La mayoría de las veces tras la muerte de un ser querido los familiares deciden enterrarlo o incinerarlo sin decidir antes si conservar o no el ADN de la persona fallecida, lo cierto es que es una practica poco realizada en nuestro país pero que permite prevenir futuras enfermedades en los descendientes.
La extracción y conservación del ADN debe realizarse lo antes posible tras la muerte de la persona dado que si esta es enterrada el ADN se fragmenta debido a la descomposición y en caso de ser incinerado el cuerpo es sometido a tan altas temperaturas que destruyen toda la información genética haciendo imposible su recuperación.
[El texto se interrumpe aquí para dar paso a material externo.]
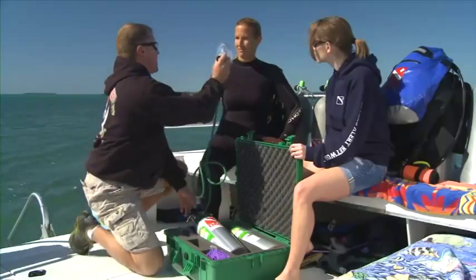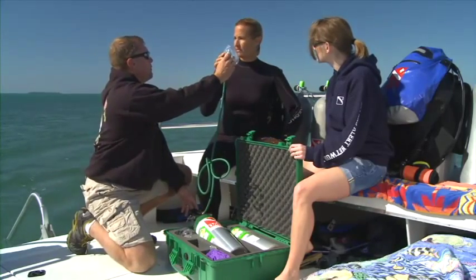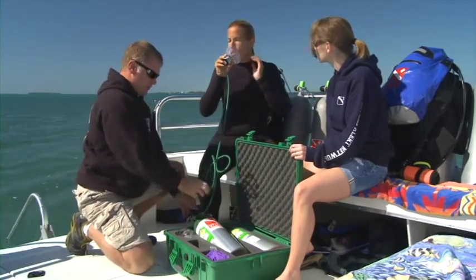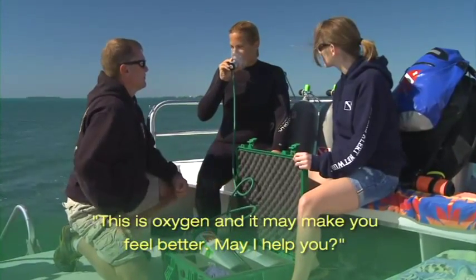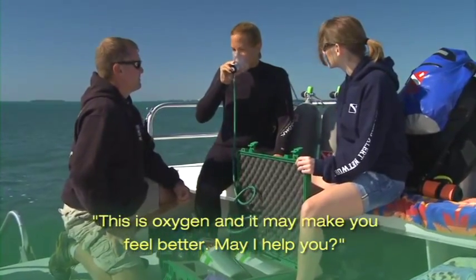Exhale away from the mask to reduce the risk of disease transmission. Inform the injured diver that oxygen may help. State, 'This is oxygen and it may make you feel better. May I help you?'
Gracias al ADN conservado es posible compararlo con los de los familiares y permite a los científicos identificar patrones comunes que por ejemplo podrían indicar que somos más o menos propensos a padecer un determinado tipo de cáncer. Estos patrones benefician que podamos recibir tratamiento preventivo y revisiones más periódicas para no llegar a padecer grabes problemas de salud en el futuro.
La conservación del ADN es un nuevo servicio que las funerarias pueden ofrecer a sus clientes, el cual suele ser desconocido para la mayoría de las personas y representa un nuevo nicho de negocio en el cual competir en un sector que cada día ofrece nuevos retos.